24.04.2012, 17:56 Uhr

Sobald die Piraten eine Koalition oder sonstwas mit einer der anderen Verbrecherparteien eingehen, sind die noch schneller weg als sie gekommen sind und stürzen 100% noch schneller als die FDP ins bodenlose. Diese PArtei wird im Moment genau deshalb gewählt weil sie mit den anderen allgemein gar nichts zu tun hat. Wenn sie diesen vorteil aufweichen, wars das schneller als die Ahoi sagen können.

Leopold

24.04.2012, 18:11 Uhr

Stimmenfischerei der CSU
Aber die Piraten sollten ihre Finger von Seehofer lassen.

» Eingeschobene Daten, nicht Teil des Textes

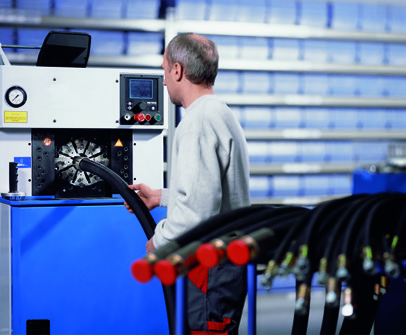 Hydraulika tradice a zkušenosti v oblasti hydrauliky široké portfolio produktů skladem v ČR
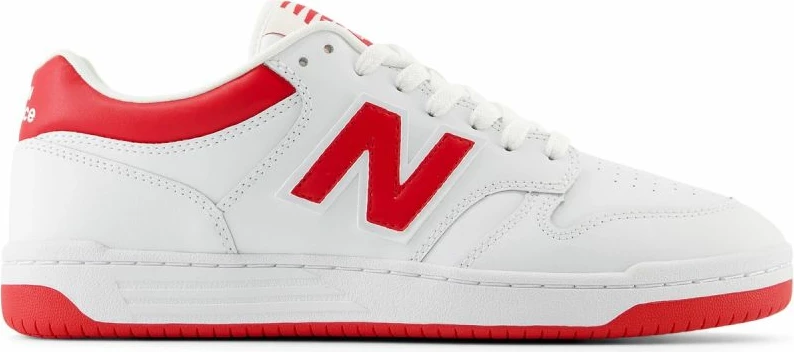 Atlete New Balance, për meshkuj dhe femra, të bardha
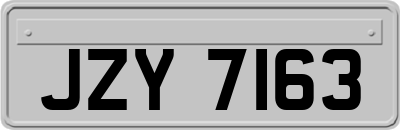 JZY7163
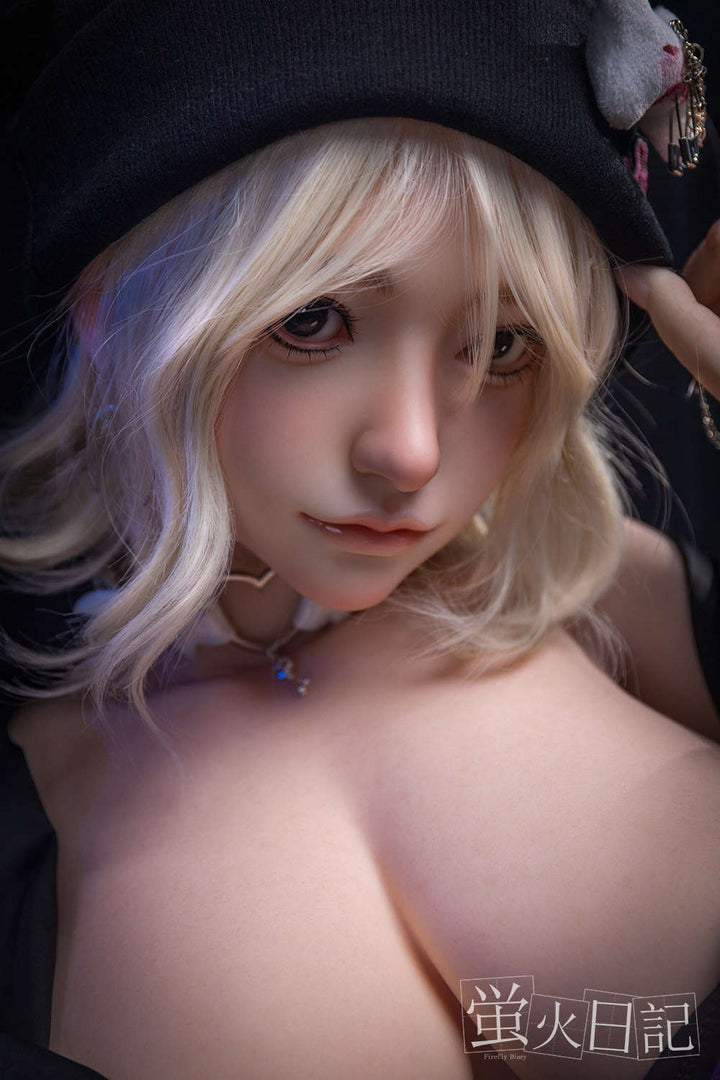 Muñeca Diario Firefly 164 cm Silicona - Lian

Der Herr ist auf dem absteigenden Ast. Er wird sich bald auf dem Niveau seines Lieblingskonkurrenten und Politik-Vorbild FDP bewegen.

Radiputz

24.04.2012, 18:16 Uhr

Na, wenn Matthias Schrade Teilnehmer der Gsprächsrunde ist, kann er ja auch gleich die ESM_politik zum Thema machen. Schrade befindet sich bekannterweise auf einer Linie mit FDP-Schäffler und CSU- Gauweiler.
Ob das Herrn Seehofer und vor allem Frau Merkel schmecken wird? Wohl eher nicht.
Piraten lassen sich nicht über den Tisch ziehen, es sei denn, sie wären tatsächlich mit dem "Klammerbeutel gepudert", was man doch wohl nicht annehmen will.